[Supplied data Boundary: Start]
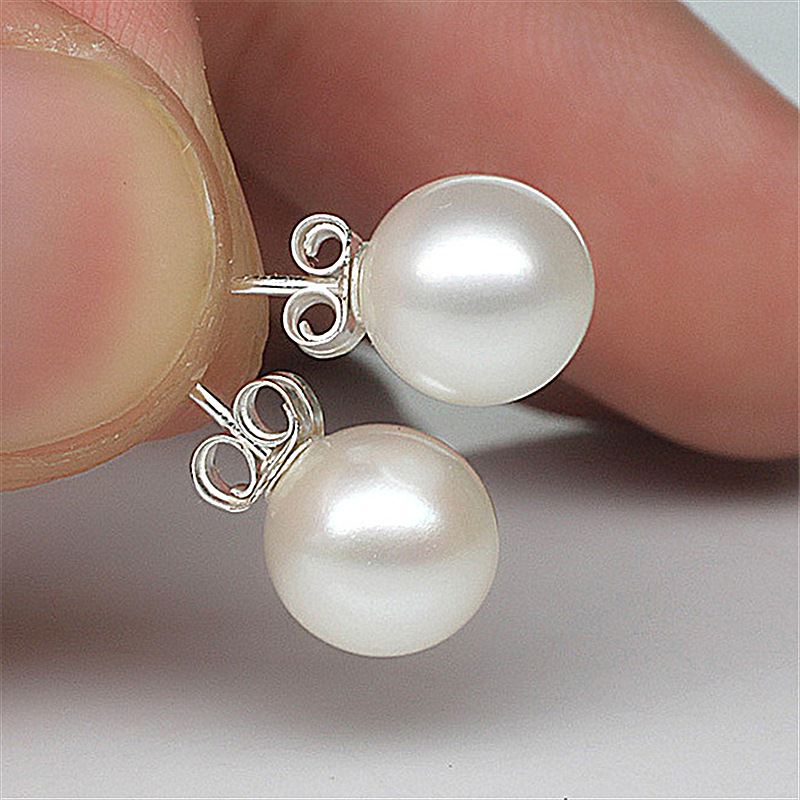 Vintage Classic Women's Pearl Stud Earrings - S925 Silver Luxury Fashion for Weddings & Parties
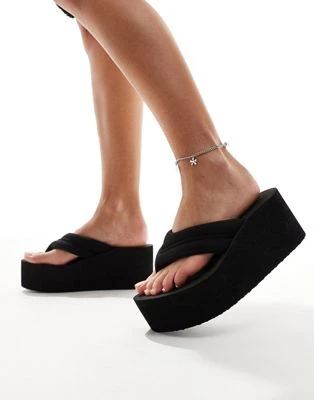 Bershka - Tongs à semelle plateforme - Noir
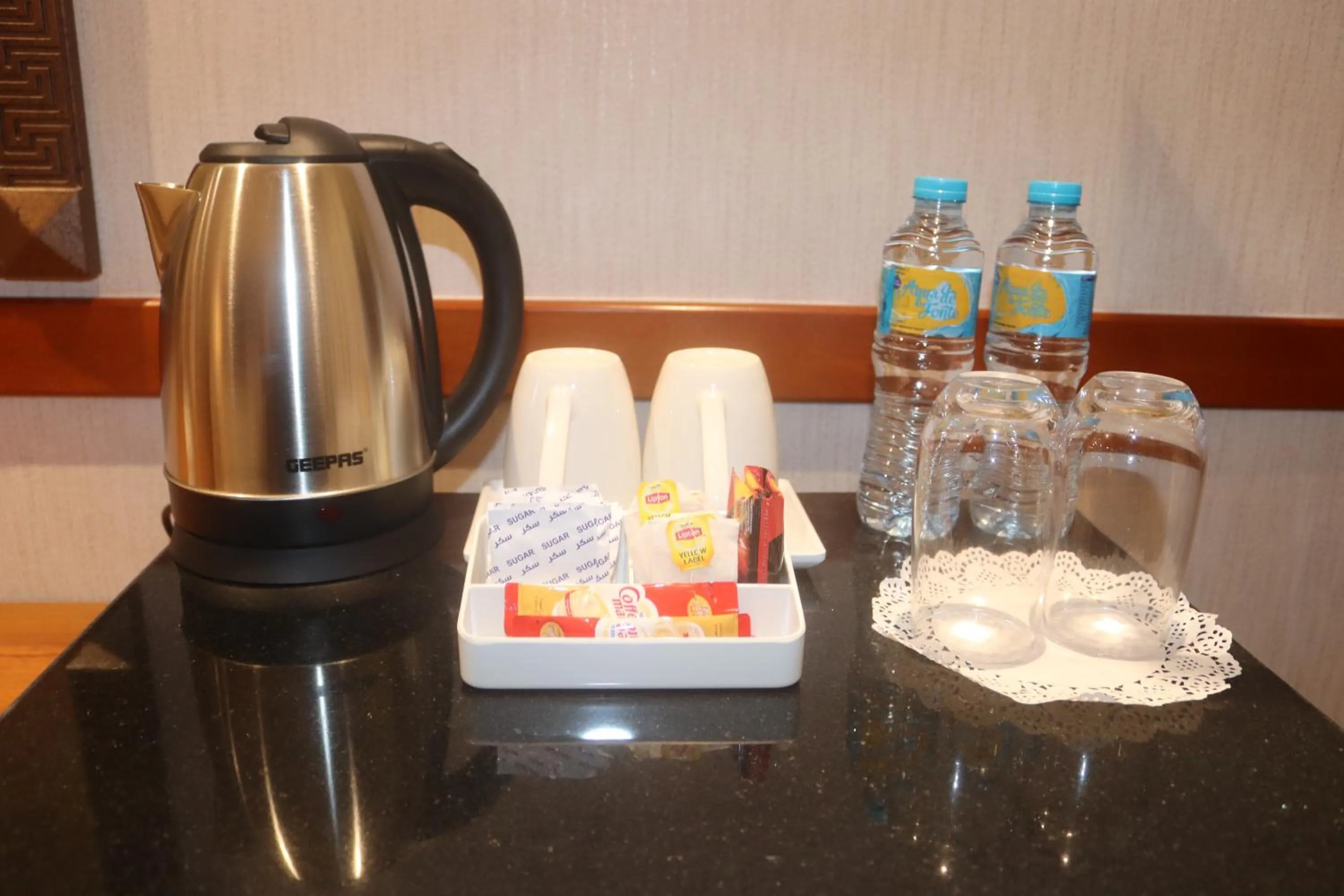 Coffee/tea facilities in GSS Avenue Hotel Ex Delmon Hotel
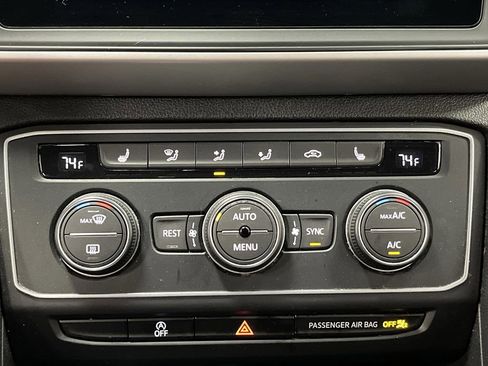 Used 2021 Volkswagen Atlas SE image 19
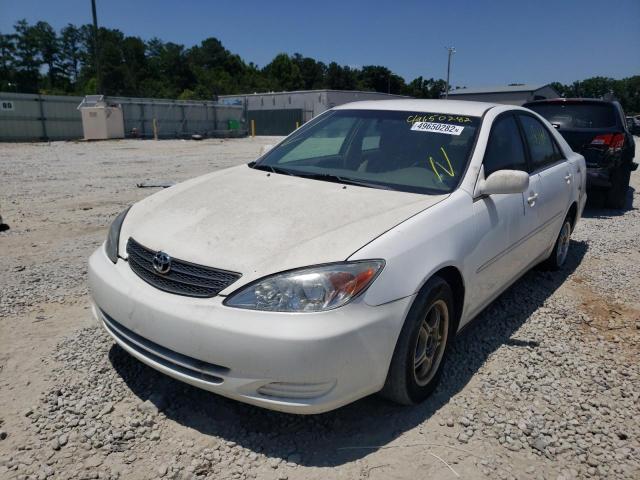 Photo 2 from auction – 2004 TOYOTA CAMRY LE with VIN 4T1BE30K44U275927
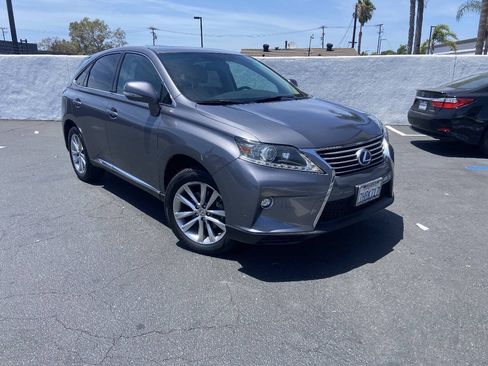 Used 2015 Lexus RX 450h FWD image 2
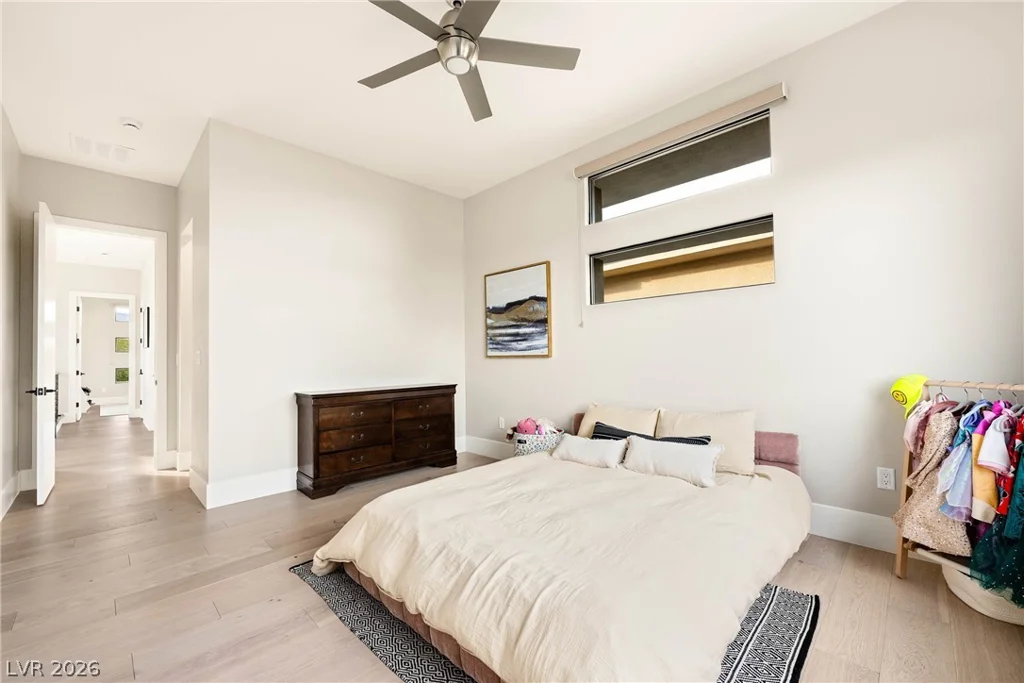 62 Grey Feather, Las Vegas, NV 89135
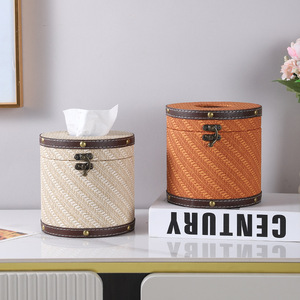 กล่องกระดาษทิชชูทรงกลม Mystic Arts รุ่น 4230B สไตล์หนังคลาสสิก สำหรับใช้ในบ้าน รถยนต์ ห้องน้ำ ห้องนั่งเล่น - Product Image 5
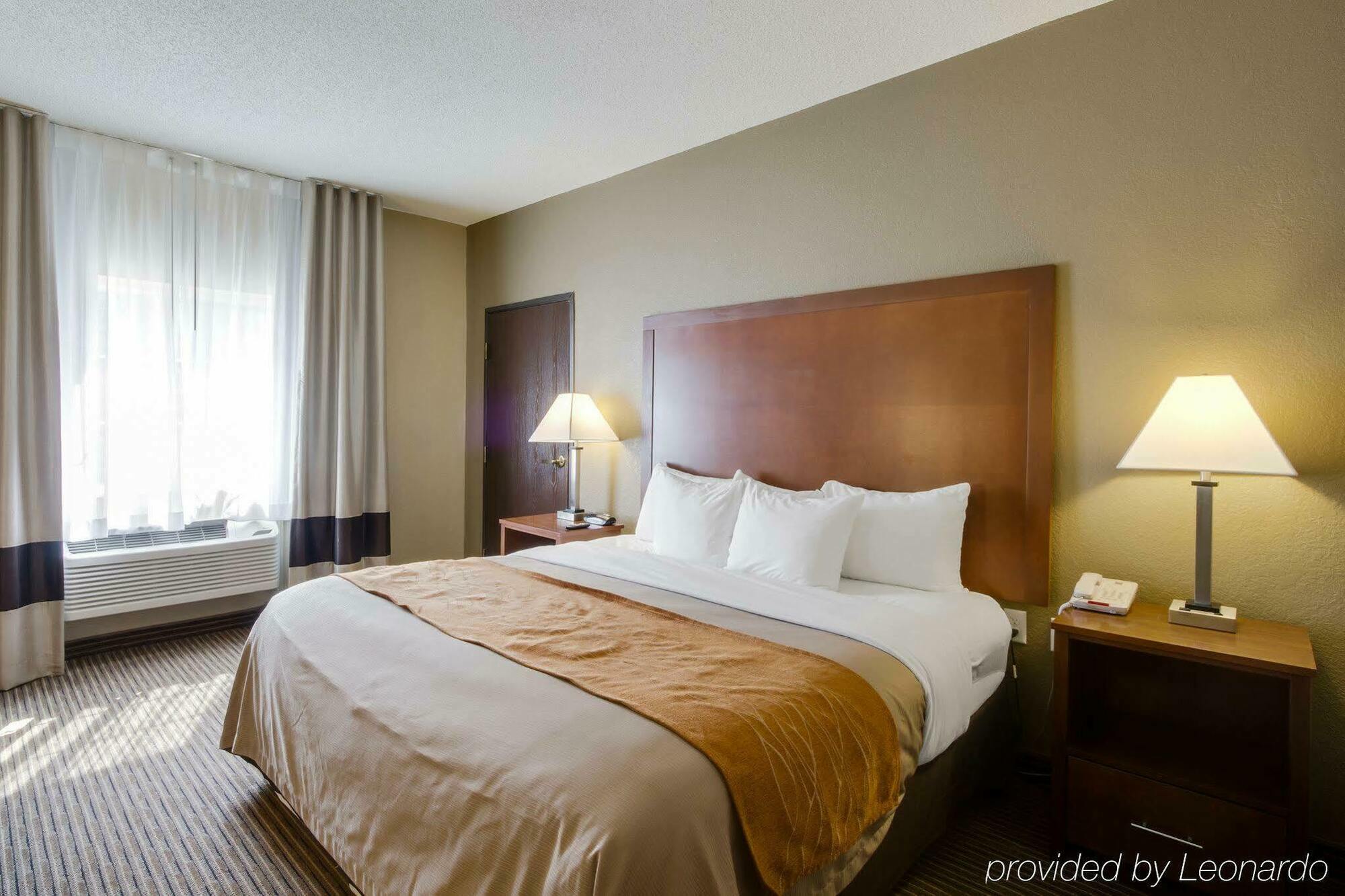 Comfort Inn & Suites Bellevue - Omaha Offutt Afb Екстериор снимка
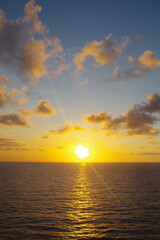 Obraz premium sunset over the sea
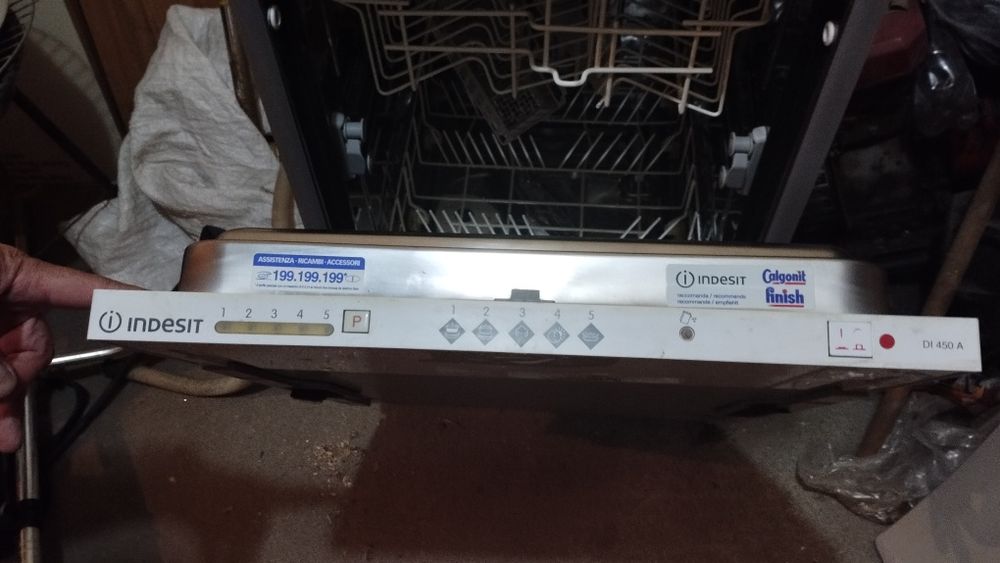Съдомиялна за вграждане indesit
[Supplied data Boundary: End]
### What you have to do
Exactly restate the lines from the one holding "Obraz premium sunset over the sea" to the final line of the records above, including both and excluding pictures.

### Solution to this task
 Obraz premium sunset over the sea
Съдомиялна за вграждане indesit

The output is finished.